O gece tehlike çok büyüktü. Zira düşmanın bin bir yüzü vardı. Mert düşmana, açıktan düşmanlık edene, Filistin’de İsrail’in, Bosna’da Sırpların, İzmir’in işgalinde, Kurtuluş, Kıbrıs savaşlarında Rumların ve daha nice açık açık düşmanlık etmişlerin dedelerine neredeyse rahmet okuttu bu yerli hainler. Hiç bilemedik, belki de konduramadık Müslümanım diyene böyle bir hainliği. Bunların kimi üniversitede hoca, kimi orduda asker veya emniyette polis, kimi yargıda hakim, kimi okulda öğretmen, kimi yanı başımızda her gün yüzümüze gülen bir komşu, kimi bizden yardım isteyen bir arkadaş, kimi kimi kimi…. Bilemedik bunca yakınımızdaki, her tarafımızdaki azılı düşmanları, belki de kendileri bile bilemediler yetiştikleri topraklara, o toprağın insanlarına bu kadar düşman haline getirildiklerini. Onları o gece dış düşmandan daha düşman, hainliği ile övünenden daha hain bulduk. Düşmanını bilen ona göre gardını alır, bunlar öyle suretsizlerdi ki, girdikleri şer kabının şeklini almışlardı, her şekil alışta aynı hain yere hizmet ederek. Dedim ya düşmanın bile merdi gerek, bunlar her rollerini alçakça oynadılar. İşte bu yüzden tehlike büyüktü.

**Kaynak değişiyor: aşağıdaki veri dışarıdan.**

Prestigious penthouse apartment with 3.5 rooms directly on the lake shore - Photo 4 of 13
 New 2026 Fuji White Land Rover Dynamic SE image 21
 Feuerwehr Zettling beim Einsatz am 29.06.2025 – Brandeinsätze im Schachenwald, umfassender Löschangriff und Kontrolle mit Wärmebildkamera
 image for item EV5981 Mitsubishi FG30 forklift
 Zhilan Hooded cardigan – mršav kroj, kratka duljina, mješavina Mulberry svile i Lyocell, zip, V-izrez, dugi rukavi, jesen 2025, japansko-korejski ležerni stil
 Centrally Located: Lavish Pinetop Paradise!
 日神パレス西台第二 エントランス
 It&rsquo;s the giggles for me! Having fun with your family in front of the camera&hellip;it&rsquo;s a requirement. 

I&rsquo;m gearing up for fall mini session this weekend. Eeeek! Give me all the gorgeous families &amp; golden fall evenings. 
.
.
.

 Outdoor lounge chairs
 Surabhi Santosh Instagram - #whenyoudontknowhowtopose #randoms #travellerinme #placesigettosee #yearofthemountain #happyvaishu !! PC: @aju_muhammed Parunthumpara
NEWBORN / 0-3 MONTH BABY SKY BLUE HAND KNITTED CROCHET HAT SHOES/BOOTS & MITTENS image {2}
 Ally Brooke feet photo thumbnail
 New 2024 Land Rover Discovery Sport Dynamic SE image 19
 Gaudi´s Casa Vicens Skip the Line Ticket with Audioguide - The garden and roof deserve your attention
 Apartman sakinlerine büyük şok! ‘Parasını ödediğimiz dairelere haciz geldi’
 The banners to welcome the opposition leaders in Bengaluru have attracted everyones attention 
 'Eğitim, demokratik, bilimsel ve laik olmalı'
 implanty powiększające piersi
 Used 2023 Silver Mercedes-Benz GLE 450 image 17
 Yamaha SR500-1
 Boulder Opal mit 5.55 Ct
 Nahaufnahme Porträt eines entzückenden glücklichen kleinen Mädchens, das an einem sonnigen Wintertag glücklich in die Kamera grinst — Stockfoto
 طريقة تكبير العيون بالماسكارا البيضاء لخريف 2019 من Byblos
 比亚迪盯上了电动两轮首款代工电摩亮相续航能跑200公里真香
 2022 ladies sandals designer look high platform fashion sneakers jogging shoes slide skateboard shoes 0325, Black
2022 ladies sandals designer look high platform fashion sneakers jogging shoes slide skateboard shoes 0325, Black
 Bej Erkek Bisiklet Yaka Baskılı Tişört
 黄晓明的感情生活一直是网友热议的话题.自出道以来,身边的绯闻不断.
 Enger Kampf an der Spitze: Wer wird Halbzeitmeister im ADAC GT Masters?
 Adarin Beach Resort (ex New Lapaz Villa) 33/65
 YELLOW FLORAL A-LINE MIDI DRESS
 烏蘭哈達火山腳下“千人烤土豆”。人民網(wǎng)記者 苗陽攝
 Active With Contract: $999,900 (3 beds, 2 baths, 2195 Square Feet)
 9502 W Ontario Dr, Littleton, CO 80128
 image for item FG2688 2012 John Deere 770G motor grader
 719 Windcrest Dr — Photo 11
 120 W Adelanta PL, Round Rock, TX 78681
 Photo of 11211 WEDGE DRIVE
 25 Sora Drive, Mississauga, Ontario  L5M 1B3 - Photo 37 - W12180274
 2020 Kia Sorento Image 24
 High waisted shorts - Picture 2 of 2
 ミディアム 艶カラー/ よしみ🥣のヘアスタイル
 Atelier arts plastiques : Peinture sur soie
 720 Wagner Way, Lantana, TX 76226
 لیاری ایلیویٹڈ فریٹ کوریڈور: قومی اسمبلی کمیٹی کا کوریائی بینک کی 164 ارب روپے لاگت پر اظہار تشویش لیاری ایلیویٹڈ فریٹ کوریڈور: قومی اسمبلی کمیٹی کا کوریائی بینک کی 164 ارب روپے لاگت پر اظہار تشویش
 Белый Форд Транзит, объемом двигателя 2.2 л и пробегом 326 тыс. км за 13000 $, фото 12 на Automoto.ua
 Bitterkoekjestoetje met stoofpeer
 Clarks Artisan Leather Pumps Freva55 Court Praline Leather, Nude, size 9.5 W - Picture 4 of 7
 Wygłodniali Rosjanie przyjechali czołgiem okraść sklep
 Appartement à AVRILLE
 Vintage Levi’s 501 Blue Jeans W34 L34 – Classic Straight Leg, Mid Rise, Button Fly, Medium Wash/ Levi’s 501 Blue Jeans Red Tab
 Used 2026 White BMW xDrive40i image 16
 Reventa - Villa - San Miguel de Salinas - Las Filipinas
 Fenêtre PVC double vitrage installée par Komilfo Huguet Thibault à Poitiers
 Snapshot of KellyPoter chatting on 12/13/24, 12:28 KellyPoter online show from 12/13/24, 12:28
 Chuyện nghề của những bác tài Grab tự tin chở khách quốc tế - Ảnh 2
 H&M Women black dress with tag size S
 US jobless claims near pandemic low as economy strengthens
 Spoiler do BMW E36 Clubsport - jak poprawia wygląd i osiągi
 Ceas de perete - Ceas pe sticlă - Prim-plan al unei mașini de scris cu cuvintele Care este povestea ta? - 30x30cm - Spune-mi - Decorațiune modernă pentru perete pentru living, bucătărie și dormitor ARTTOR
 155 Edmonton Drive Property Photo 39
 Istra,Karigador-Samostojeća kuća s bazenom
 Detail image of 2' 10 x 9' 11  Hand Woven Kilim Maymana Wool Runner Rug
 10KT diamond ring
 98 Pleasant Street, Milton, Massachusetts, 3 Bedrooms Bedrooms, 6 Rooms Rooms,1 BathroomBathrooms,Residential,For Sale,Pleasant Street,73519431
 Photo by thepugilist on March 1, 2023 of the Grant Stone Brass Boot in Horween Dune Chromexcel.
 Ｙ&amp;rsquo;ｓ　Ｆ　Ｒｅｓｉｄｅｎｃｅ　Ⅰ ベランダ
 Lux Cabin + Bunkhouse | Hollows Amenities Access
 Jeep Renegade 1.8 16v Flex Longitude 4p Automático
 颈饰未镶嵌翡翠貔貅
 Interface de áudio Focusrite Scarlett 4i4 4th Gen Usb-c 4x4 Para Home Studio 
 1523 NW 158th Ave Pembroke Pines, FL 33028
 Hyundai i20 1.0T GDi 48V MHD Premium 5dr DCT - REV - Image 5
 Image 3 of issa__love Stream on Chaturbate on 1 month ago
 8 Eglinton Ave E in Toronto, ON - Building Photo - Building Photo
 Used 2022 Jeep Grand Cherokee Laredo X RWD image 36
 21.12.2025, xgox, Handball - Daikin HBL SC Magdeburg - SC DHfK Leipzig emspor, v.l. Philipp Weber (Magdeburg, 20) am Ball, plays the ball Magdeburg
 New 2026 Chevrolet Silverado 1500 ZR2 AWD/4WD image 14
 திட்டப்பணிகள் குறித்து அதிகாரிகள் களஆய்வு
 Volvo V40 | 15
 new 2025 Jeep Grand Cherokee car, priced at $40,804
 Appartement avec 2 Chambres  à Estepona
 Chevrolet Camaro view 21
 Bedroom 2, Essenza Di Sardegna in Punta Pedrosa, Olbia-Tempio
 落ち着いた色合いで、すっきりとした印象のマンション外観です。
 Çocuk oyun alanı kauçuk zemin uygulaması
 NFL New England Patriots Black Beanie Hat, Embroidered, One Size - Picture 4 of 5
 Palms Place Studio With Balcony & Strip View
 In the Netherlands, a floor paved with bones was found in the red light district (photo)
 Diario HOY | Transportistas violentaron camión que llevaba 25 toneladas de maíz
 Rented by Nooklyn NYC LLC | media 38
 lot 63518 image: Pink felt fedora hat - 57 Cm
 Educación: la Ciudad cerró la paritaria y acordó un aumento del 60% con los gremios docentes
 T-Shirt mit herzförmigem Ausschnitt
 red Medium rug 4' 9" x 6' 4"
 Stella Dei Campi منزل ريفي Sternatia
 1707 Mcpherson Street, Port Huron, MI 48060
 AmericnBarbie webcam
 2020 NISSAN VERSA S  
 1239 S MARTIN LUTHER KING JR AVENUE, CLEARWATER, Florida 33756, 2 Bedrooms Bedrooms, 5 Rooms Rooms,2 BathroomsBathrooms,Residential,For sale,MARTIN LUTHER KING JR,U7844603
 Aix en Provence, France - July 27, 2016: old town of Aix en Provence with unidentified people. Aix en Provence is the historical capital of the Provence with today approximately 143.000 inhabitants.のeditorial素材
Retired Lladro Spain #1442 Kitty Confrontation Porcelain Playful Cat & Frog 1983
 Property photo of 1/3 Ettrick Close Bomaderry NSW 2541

O gece daha iyi anladık Suriye’yi, Filistin’i, Irak’ı, vatansız kalabilme ihtimalinin dayanılmaz ağırlığını, acısını. O gece anladık birçoğumuz Avrupa’nın, Amerika’nın, İsrail’in cilalanmış kelimelerle vatansız bıraktığı insanların durumunu. O gece anladık tarihi, sicili katliam yaparak, iç savaş çıkararak mazlum ülkelerin kaynaklarını sömürmekle dolu olanların hala işbaşında olduğunu. Alışmış kudurmuştan beterdir ya, onların da hala eski alışkanlıkları ile ayakta durma çabalarını. Bu çabaları, tuzakları birçok ülkede, toplumda işe yaramıştı. Hem de ellerini sözüm ona kirletmeden, yerli müttefiklerini kullanarak. Hatta bir taşla onlarca kuş vurarak. Silah sattılar, iç karışıklık çıkardılar, kendilerine düşman gördükleri bir uygarlığın mensuplarını birbirlerine kırdırdılar, algı yöneterek bu düşmanlığa yeni gerekçeler ürettiler, kendilerinden izin alınmadan düzen kurulamayacağını hissettirdiler, aldılar-sattılar, ama kazandılar. Alışmışlardı gözlerine kestirdiklerini bu tuzağa düşürmeye. O gece bin şükür, yüz bin şükür düşmedik biz bu tuzağa.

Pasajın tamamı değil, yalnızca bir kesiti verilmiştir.